» Activity
An exact copy of the listing below is the answer, with the pictures removed.

------ Material provided ------

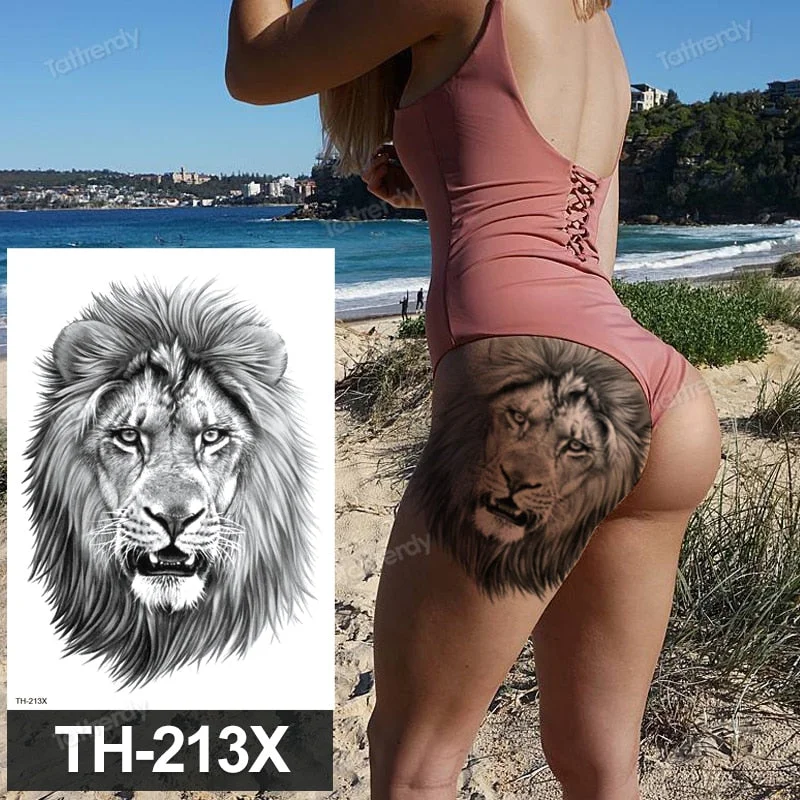 DIY Forest Design Waterproof Fake Temporary Tattoo Wolf Sexy Women Body Art Arm Tattoos Paper For Men Boys Girls Tatoo Large Big
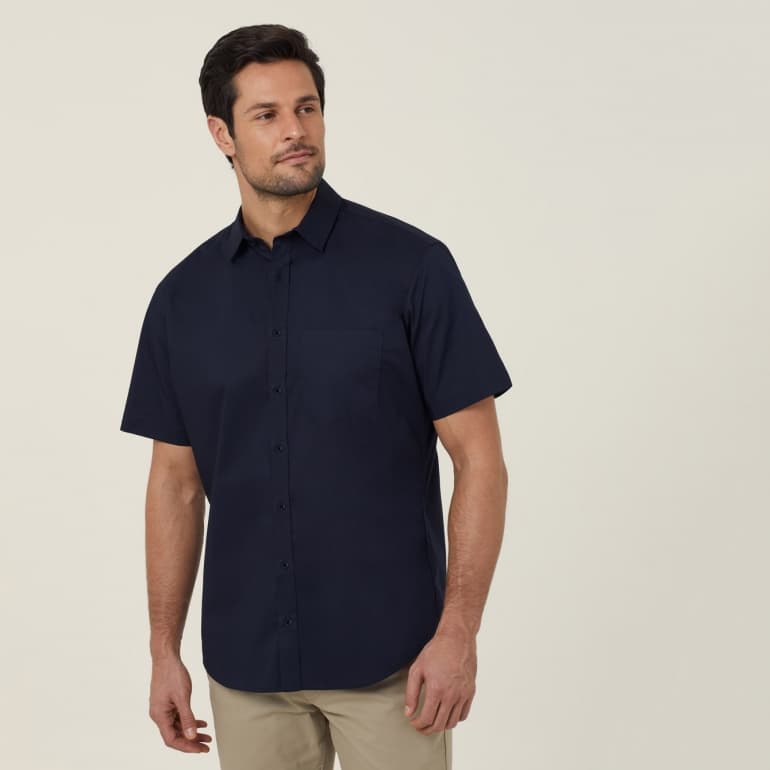 NNT Mens Avignon Short Sleeve Shirt CATJDN (Navy)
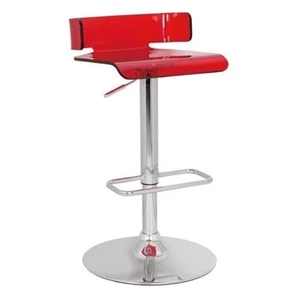 Pemberly Row Swivel Adjustable Bar Stool in Red - Picture 1 of 1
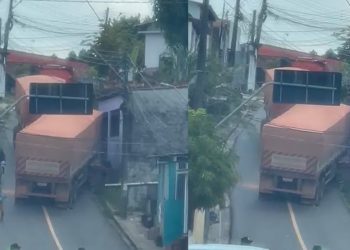 Vídeo: carreta emperra tentando subir ladeira em Manaus e fecha rua no Alvorada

------

» Finished task
 DIY Forest Design Waterproof Fake Temporary Tattoo Wolf Sexy Women Body Art Arm Tattoos Paper For Men Boys Girls Tatoo Large Big
 NNT Mens Avignon Short Sleeve Shirt CATJDN (Navy)
 Pemberly Row Swivel Adjustable Bar Stool in Red - Picture 1 of 1
 Vídeo: carreta emperra tentando subir ladeira em Manaus e fecha rua no Alvorada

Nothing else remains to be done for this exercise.